> _Task prompt_: Which lines of the material hold the word "Shoulder"? Copy each one.

——

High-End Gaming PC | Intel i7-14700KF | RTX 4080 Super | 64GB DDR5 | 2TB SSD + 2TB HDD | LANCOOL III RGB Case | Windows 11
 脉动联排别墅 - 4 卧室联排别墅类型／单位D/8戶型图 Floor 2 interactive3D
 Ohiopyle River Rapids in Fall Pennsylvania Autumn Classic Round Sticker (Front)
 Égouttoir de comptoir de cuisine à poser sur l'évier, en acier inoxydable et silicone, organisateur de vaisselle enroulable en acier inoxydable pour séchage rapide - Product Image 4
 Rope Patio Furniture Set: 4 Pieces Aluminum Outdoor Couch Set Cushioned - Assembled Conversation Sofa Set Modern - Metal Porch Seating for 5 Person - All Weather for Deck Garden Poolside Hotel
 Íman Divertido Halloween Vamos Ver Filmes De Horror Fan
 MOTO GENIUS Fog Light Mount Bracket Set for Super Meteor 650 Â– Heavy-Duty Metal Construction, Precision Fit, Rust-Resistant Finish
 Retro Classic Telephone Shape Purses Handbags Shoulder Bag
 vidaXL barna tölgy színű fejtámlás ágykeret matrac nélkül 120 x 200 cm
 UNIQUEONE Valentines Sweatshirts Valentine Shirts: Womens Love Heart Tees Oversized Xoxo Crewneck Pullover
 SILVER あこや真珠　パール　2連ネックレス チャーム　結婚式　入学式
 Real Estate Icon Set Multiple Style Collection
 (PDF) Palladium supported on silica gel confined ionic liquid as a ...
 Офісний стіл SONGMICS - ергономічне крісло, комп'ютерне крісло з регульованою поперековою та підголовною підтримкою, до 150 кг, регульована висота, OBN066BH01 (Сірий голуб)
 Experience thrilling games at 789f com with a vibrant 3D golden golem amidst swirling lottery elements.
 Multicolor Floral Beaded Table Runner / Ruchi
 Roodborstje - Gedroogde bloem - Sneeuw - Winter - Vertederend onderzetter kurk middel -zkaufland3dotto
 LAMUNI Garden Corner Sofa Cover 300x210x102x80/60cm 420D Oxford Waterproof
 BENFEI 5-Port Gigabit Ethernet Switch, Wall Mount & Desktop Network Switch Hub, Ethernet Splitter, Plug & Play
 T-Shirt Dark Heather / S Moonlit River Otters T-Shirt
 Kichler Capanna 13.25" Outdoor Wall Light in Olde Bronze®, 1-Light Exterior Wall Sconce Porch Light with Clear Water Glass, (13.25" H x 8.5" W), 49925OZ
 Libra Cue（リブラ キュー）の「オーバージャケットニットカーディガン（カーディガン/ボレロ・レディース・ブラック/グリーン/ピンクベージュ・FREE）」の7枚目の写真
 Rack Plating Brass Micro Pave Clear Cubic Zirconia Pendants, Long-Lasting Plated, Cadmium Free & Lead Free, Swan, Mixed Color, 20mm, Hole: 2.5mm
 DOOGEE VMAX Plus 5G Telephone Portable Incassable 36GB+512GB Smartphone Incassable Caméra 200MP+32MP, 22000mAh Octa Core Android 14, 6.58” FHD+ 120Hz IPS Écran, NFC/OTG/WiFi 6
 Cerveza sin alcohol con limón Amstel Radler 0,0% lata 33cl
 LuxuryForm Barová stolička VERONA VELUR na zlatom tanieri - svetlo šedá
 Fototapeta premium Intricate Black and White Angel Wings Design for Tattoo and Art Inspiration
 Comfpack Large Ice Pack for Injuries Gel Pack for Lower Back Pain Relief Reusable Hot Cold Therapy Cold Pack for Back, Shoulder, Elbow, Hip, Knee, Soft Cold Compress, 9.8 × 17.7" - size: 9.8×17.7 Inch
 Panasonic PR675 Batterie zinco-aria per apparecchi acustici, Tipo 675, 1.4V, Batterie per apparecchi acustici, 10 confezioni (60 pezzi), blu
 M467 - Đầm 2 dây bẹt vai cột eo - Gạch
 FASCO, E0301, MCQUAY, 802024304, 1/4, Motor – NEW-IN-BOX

——

> _Exercise result_:
 Retro Classic Telephone Shape Purses Handbags Shoulder Bag
 Comfpack Large Ice Pack for Injuries Gel Pack for Lower Back Pain Relief Reusable Hot Cold Therapy Cold Pack for Back, Shoulder, Elbow, Hip, Knee, Soft Cold Compress, 9.8 × 17.7" - size: 9.8×17.7 Inch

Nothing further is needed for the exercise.